Hi Lauren, sorry to hear about your hives. You must start with suspect number 1 and that is varroa. Did you do any treatments or monitoring of mite numbers? I would suggest closely inspecting the bottom boards for signs of dead mites, it is often hard to see the mites on live bees. In the meantime safely store away your comb in a cool area where rodents can't get into it.


----------



## guyross (Feb 18, 2011)

I'm a new beekeeper and have never seen mites on dead bees. Since the bee is the mites host my thinking is if there dead there no longer of any use to them. Mites blind sided me in October and I am now seeing the results of weakened bees going into winter.

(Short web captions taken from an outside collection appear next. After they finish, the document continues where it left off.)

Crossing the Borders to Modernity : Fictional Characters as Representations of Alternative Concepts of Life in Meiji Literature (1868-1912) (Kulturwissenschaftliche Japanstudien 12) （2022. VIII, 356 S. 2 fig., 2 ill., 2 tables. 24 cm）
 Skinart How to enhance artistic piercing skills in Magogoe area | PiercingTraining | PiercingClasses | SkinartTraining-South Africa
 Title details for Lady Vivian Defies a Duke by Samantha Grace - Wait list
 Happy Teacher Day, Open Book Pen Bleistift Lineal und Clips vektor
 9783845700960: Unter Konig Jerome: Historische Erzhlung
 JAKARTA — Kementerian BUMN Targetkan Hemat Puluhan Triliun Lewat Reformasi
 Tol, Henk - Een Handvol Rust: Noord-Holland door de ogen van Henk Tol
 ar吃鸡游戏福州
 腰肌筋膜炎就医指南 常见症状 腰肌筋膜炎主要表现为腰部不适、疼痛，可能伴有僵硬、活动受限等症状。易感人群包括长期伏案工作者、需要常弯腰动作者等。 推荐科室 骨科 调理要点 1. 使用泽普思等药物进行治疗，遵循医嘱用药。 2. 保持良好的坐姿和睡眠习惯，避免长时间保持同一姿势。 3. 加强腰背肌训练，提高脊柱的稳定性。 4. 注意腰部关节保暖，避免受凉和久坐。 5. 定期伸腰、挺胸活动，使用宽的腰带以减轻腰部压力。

My most affected hives queen is laying as of a week ago when I checked. There was a small number of bees so I gave them a boost with a frame from a strong hive. From a beginners perspective I would monitor more for mites starting in late summer. I didn't but I will this year.


----------



## jim lyon (Feb 19, 2006)

Unfortunately abnormally high amounts of open brood can be an indication of mite stress. The queen seems to sense there are problems and reacts by laying as much as she can but too often the hive is already in a "death spiral".


----------



## Solomon Parker (Dec 21, 2002)

Lauren, what are your goals as a beekeeper? You mention a TBH, so I'm imagining you want to do things either treatment-free or with soft treatments. Am I correct?


----------



## Lauren (Jun 10, 2010)

Thank you all for your responses. I did do a varroa count early in the spring and found nothing. I am trying to be as treatment free as possible. I did not realize that Varroa would cause the Queens to quit laying eggs? I did have a small number on some drone brood mid-season. Since then, I put them on a new screened bottom base with oil drawers underneath. the oil was riddled with wax and chewed caps etc. I found a few SHB and some red ants (in one) but it would have been VERY difficult to see varroa in the soup. I don't have trouble seeing them on the bees themselves, I had a troop of robbers last year that were covered in them. 

Solomon, the TBH was my original goal, but then I found the ease of the standard Lang. worked best for me. One hive was small cell. All of them had foundationless. They drew the foundationless so much better and faster.


----------



## Solomon Parker (Dec 21, 2002)

How willing are you to try again? And are you willing to adjust your practices a little bit?

I recommend keeping at least five hives if you intend to be treatment-free. There will be losses and with more hives, your chances of losing all of them at one time will be diminished. It is the nature of contemporary beekeeping. At some point, losses should be able to be easily replaced with splits in the spring and you will have sustainability.

Your descriptions of your lost hives remind me of how my losses went while I was achieving sustainability. Often times, the losses cannot be directly tied to mites but may have been affected by some mite stress. You may see hives with small clusters which simply can't make enough heat to keep from freezing solid, or failed supersedures in the fall resulting in a non-viable cluster. Cold starvation where the bees won't move onto honey happens as well.

I don't think you did anything wrong, other than giving away those nucs. Perhaps you should call in a favor and get some splits from those nucs to restart your apiary. I recommend also making some attempts to catch swarms with bait hives. It can be as simple as baiting your current unoccupied hives with lemongrass oil. However, it's like fishing, you won't always catch a fish.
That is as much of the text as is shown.